- _WORK TO BE COMPLETED_
An exact copy of every entry is needed, with no images.

- _SUPPLIED INFORMATION_
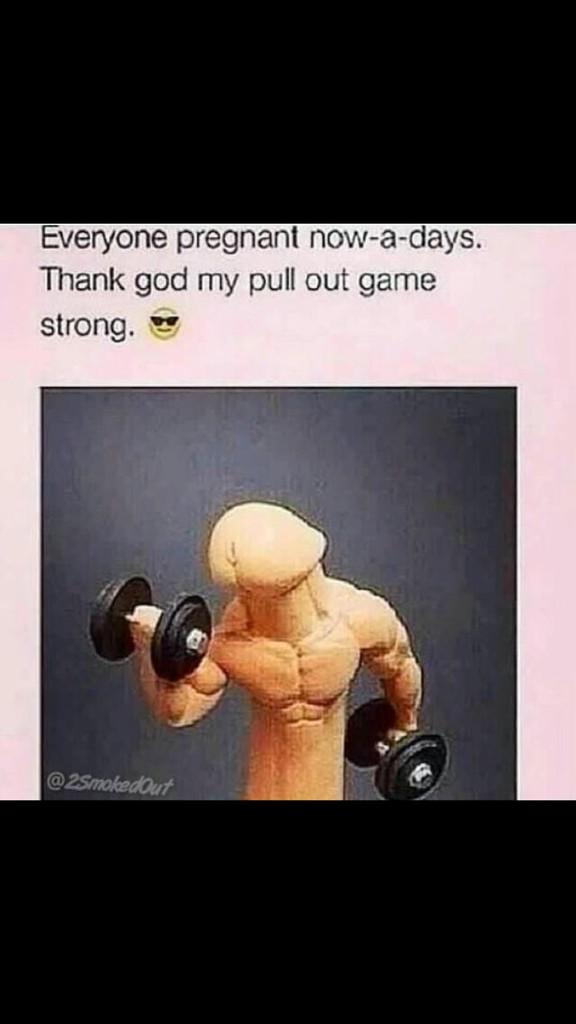 NickGeeYADIG's tweet image. #stronggame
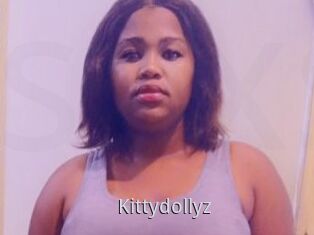 Kittydollyz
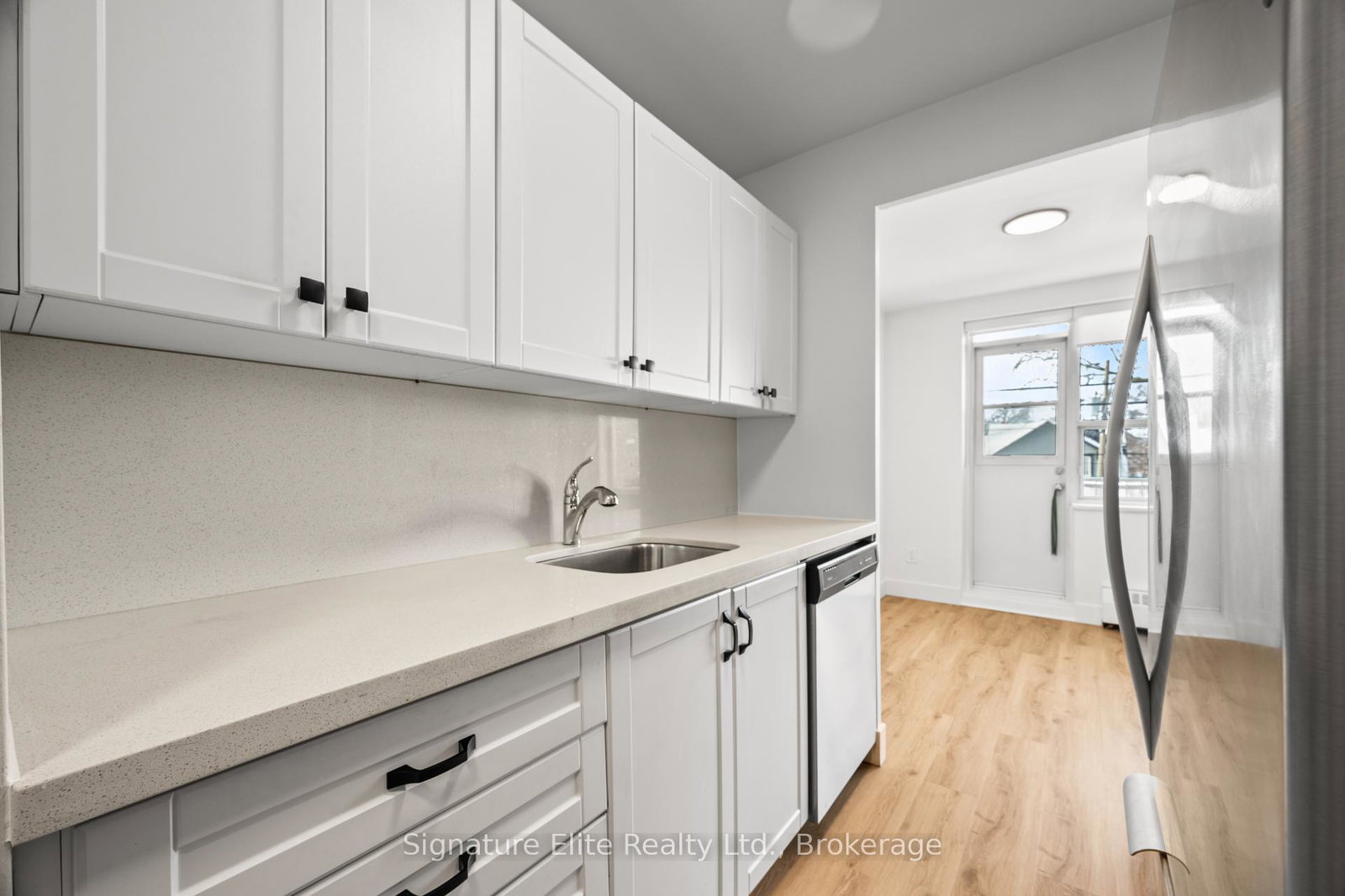 1017-woodbine-avenue-east-york-ontario-e12716598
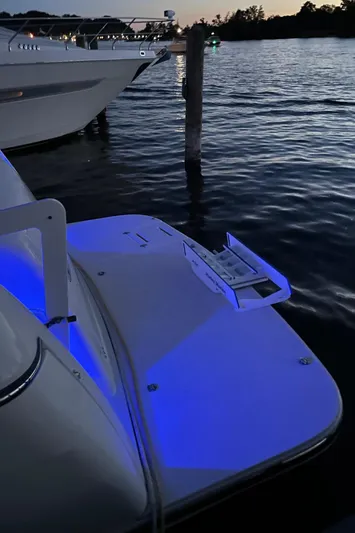 Beachlife Yacht Photos Pics 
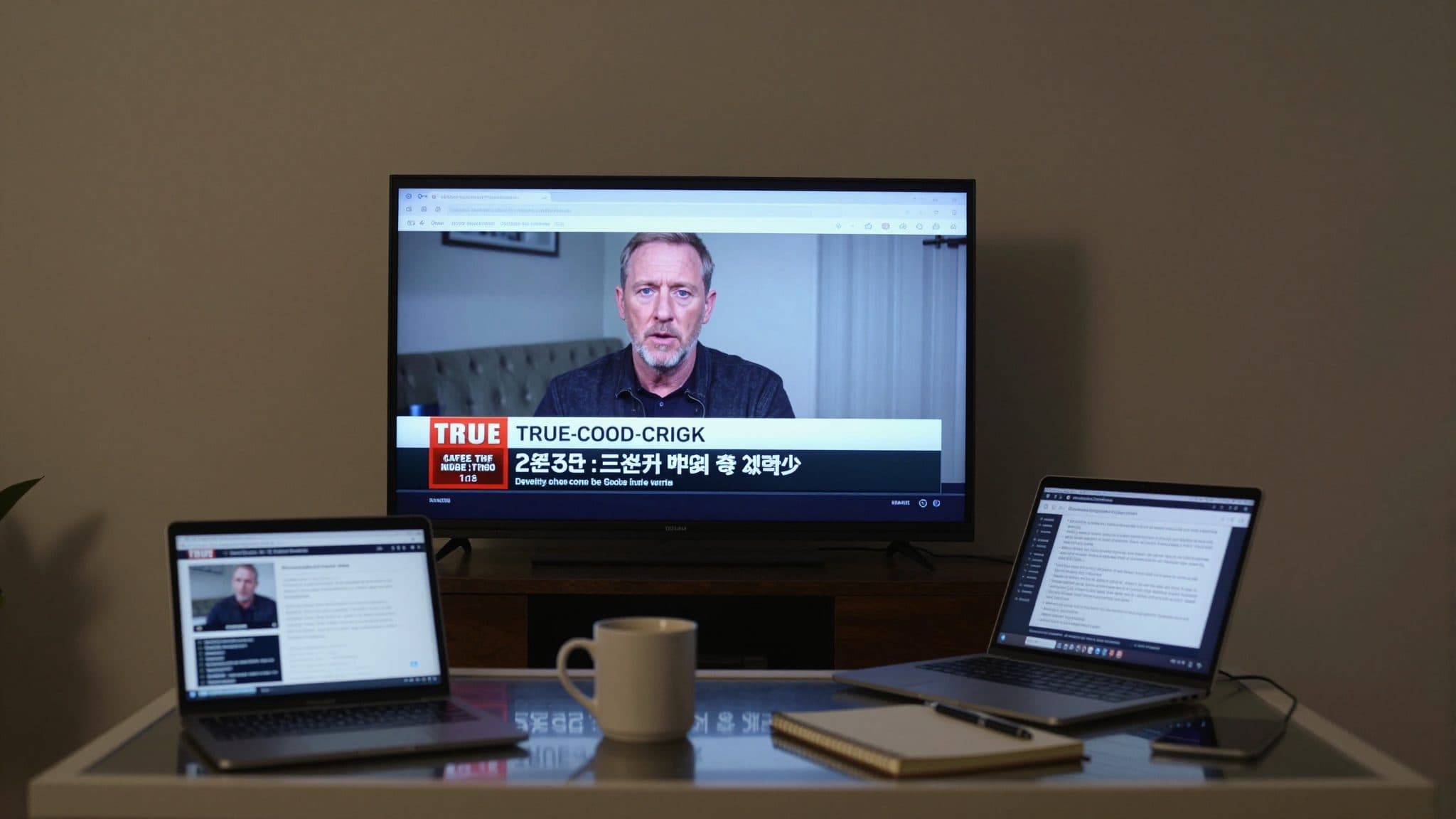 Netflix documentary on Idaho student murders draws nearly 29 million viewers in two weeks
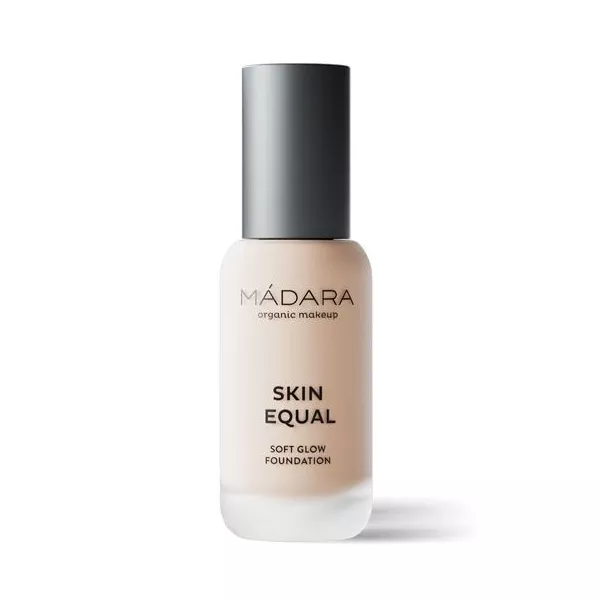 Madara Skin Equal Foundation ������ ��������� ������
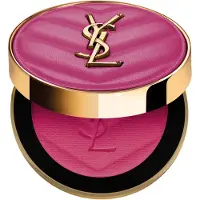 Yves Saint Laurent Make Me Blush Bold Blurring Blush Poskipuna 6 g Nr. 03 - Mischievous Magenta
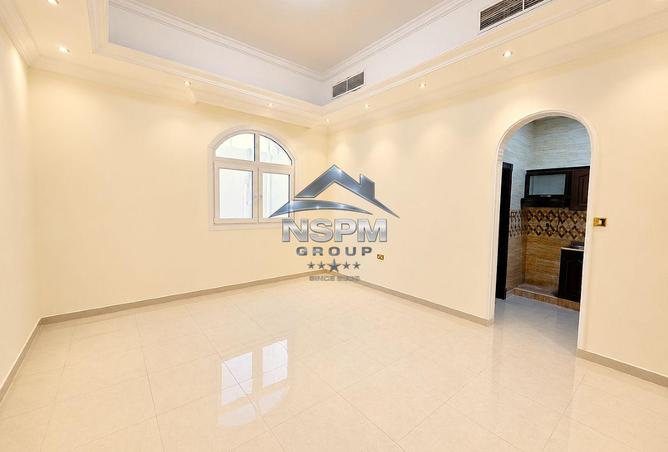 113732116 - Property Main Image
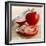 Tomatoes-Mark Sykes-Framed Premium Photographic Print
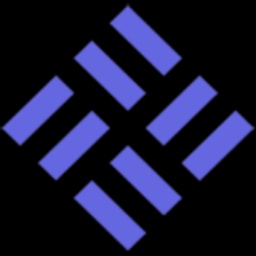 Yihe Capital logo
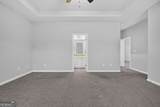 979 Dortch Road - Photo 33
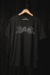 Camiseta | Inferno | Básica - comprar online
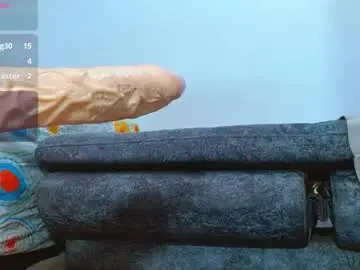 Chaturbate Best live sex cam show of nathasha_miller2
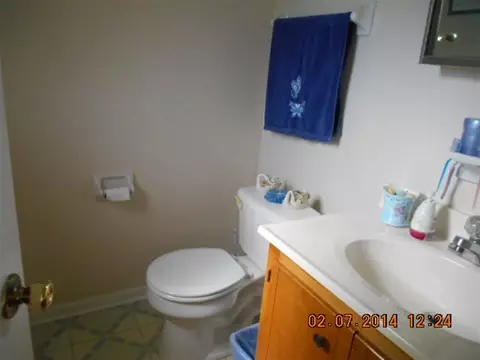 4113 Sage St, Pace, FL 32570 photo 16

- _TASK OUTPUT_
 NickGeeYADIG's tweet image. #stronggame
 Kittydollyz
 1017-woodbine-avenue-east-york-ontario-e12716598
 Beachlife Yacht Photos Pics 
 Netflix documentary on Idaho student murders draws nearly 29 million viewers in two weeks
 Madara Skin Equal Foundation ������ ��������� ������
 Yves Saint Laurent Make Me Blush Bold Blurring Blush Poskipuna 6 g Nr. 03 - Mischievous Magenta
 113732116 - Property Main Image
 Tomatoes-Mark Sykes-Framed Premium Photographic Print
 Yihe Capital logo
 979 Dortch Road - Photo 33
 Camiseta | Inferno | Básica - comprar online
 Chaturbate Best live sex cam show of nathasha_miller2
 4113 Sage St, Pace, FL 32570 photo 16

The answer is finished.